Q: What is the service availability of Amazon SageMaker?
Amazon SageMaker is designed for high availability. There are no maintenance windows or scheduled downtimes. Amazon SageMaker APIs run in Amazon’s proven, high-availability data centers, with service stack replication configured across three facilities in each AWS region to provide fault tolerance in the event of a server failure or Availability Zone outage.
Q: What security measures does Amazon SageMaker have?
Amazon SageMaker ensures that ML model artifacts and other system artifacts are encrypted in transit and at rest. Requests to the Amazon SageMaker API and console are made over a secure (SSL) connection. You pass AWS Identity and Access Management roles to Amazon SageMaker to provide permissions to access resources on your behalf for training and deployment. You can use encrypted S3 buckets for model artifacts and data, as well as pass a KMS key to Amazon SageMaker notebooks, training jobs, and endpoints, to encrypt the attached ML storage volume.
Q: How does Amazon SageMaker secure my code?
Amazon SageMaker stores code in ML storage volumes, secured by security groups and optionally encrypted at rest.
Q: How am I charged for Amazon SageMaker?
You pay for ML compute, storage, and data processing resources you use for hosting the notebook, training the model, performing predictions, and logging the outputs. Amazon SageMaker allows you to select the number and type of instance used for the hosted notebook, training, and model hosting. You only pay for what you use, as you use it; there are no minimum fees and no upfront commitments.
Q: What if I have my own notebook, training, or hosting environment?
Amazon SageMaker provides a full end-to-end workflow, but you can continue to use your existing tools with Amazon SageMaker. You can easily transfer the results of each stage in and out of Amazon SageMaker as your business requirements dictate.
Hosted Jupyter notebooks
Q: What types of notebooks are supported?
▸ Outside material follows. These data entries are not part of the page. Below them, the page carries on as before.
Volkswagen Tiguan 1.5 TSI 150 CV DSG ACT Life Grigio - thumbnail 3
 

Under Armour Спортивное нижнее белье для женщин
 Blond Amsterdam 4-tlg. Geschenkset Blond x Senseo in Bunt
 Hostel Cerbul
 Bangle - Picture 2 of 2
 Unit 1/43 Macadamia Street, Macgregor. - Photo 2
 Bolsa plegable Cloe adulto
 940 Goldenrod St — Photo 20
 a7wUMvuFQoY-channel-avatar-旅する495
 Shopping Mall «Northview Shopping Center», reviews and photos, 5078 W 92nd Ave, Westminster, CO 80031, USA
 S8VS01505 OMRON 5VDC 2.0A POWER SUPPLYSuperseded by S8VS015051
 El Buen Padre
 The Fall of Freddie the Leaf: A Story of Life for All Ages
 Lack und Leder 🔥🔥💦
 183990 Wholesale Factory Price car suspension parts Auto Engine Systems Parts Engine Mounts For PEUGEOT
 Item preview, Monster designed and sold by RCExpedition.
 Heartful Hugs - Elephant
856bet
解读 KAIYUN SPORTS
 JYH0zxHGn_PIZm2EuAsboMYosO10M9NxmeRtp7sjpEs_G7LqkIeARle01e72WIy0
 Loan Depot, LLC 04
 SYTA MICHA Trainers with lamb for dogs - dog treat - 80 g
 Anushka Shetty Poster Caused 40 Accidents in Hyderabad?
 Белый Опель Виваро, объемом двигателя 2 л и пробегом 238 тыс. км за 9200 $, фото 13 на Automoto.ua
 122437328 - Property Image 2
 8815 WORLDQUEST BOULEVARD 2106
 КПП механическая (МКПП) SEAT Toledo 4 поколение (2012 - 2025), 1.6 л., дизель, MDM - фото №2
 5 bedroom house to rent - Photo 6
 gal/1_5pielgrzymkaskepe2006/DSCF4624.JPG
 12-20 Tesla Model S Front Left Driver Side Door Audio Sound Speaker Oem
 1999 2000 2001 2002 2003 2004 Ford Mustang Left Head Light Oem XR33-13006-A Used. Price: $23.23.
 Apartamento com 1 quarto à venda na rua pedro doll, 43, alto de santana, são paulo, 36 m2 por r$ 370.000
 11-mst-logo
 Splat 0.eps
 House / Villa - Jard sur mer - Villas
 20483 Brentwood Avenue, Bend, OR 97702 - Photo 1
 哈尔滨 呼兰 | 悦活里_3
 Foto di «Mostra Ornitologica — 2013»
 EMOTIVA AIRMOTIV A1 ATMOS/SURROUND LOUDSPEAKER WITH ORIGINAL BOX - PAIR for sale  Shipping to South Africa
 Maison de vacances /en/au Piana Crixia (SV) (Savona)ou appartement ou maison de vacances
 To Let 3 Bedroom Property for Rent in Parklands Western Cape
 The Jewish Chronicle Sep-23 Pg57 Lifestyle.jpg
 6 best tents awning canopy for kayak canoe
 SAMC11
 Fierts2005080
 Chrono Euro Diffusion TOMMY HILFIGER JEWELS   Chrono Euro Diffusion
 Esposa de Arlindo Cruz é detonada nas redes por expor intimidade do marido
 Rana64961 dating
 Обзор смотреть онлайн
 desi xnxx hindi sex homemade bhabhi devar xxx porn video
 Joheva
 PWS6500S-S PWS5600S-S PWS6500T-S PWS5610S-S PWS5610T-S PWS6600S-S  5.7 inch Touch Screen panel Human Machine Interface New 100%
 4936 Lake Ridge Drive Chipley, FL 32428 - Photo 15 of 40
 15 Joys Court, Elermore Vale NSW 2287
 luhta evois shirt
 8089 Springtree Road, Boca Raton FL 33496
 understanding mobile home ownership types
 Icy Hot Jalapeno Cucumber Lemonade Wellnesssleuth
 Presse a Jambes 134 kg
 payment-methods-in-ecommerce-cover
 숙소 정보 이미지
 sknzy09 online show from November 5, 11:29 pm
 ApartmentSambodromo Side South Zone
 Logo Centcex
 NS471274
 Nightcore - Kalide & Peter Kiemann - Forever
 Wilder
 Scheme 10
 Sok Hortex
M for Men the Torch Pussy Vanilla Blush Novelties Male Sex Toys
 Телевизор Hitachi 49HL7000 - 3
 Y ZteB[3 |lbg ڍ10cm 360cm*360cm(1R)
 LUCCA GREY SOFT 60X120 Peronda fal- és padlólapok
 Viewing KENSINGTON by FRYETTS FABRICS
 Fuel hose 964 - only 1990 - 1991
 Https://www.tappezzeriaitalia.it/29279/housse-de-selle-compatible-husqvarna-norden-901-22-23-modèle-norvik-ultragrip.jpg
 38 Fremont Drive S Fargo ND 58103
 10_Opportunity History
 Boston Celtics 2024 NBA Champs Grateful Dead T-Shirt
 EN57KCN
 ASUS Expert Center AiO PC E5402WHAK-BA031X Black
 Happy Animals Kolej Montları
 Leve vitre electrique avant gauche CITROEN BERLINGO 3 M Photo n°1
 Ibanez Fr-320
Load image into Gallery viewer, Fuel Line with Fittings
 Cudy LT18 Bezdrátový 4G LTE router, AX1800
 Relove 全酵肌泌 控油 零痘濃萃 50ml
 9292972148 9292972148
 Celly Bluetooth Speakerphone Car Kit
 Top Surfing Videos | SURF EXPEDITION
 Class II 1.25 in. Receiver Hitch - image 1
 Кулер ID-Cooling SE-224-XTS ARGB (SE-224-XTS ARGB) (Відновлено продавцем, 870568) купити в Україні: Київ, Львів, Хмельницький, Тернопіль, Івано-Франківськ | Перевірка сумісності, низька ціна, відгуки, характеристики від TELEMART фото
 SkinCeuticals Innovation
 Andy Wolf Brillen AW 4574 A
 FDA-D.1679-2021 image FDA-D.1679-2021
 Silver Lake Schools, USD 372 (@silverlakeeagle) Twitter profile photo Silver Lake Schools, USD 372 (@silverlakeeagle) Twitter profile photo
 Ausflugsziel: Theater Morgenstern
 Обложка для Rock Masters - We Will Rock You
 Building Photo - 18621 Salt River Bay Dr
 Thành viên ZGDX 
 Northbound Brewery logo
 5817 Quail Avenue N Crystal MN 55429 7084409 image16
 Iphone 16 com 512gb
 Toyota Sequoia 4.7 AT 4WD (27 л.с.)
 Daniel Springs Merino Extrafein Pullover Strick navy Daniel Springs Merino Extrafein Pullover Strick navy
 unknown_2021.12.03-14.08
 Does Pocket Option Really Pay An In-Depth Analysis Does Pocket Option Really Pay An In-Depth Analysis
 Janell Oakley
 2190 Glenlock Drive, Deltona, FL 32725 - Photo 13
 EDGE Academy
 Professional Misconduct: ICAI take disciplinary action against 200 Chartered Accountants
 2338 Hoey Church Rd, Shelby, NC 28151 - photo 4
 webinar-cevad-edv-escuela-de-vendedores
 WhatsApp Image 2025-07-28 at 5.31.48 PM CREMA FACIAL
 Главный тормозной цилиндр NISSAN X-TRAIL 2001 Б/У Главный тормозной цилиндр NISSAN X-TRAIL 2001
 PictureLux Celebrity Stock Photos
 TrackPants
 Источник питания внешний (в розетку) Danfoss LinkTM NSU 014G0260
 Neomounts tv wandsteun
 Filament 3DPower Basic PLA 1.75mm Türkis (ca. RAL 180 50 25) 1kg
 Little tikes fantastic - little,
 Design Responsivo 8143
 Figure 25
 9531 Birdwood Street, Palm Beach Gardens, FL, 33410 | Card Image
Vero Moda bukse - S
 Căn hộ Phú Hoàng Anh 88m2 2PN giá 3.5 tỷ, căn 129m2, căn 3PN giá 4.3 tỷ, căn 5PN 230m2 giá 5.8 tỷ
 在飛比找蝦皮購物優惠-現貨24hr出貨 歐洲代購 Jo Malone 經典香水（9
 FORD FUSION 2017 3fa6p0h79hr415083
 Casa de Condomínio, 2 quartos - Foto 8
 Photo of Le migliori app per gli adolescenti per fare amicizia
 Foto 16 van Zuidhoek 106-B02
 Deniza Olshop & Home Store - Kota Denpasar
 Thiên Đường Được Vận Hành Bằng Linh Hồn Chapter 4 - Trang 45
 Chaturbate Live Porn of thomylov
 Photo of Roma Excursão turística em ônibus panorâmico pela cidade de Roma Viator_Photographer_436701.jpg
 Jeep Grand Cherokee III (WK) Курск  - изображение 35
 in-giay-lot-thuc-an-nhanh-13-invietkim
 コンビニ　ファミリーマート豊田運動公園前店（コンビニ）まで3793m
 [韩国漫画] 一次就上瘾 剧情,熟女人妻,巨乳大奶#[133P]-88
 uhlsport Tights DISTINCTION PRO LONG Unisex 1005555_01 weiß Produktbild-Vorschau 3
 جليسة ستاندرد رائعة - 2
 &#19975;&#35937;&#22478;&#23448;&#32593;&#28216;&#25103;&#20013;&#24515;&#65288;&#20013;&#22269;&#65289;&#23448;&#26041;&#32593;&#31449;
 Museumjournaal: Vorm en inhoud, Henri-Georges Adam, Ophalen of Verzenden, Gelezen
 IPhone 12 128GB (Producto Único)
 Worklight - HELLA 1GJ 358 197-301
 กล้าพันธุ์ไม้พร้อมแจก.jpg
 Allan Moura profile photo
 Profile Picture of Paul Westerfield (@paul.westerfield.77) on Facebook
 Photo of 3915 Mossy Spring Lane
Currently, Jupyter notebooks are supported.
Q: How do you persist notebook files when I stop my workspace?
You can persist your notebook files on the attached ML storage volume. The ML storage volume will be detached when the notebook instance is shut down and reattached when the notebook instance is relaunched. Items stored in memory will not be persisted.
Q: How do I increase the available resources in my notebook?
You can modify the notebook instance and select a larger profile through the Amazon SageMaker console, after saving your files and data on the attached ML storage volume. The notebook instance will be restarted with greater available resources, with the same notebook files and installed libraries.
Q: How can I train a model from an Amazon SageMaker notebook?
After launching an example notebook, you can customize the notebook to fit your data source and schema, and execute the AWS APIs for creating a training job. The progress or completion of the training job is available through the Amazon SageMaker console or AWS APIs.
Q: Are there limits to the size of the dataset I can use for training?
There are no fixed limits to the size of the dataset you can use for training models with Amazon SageMaker.
Q: What data sources can I easily pull into Amazon SageMaker?
You can specify the Amazon S3 location of your training data as part of creating a training job.
Q: What algorithms does Amazon SageMaker use to generate models?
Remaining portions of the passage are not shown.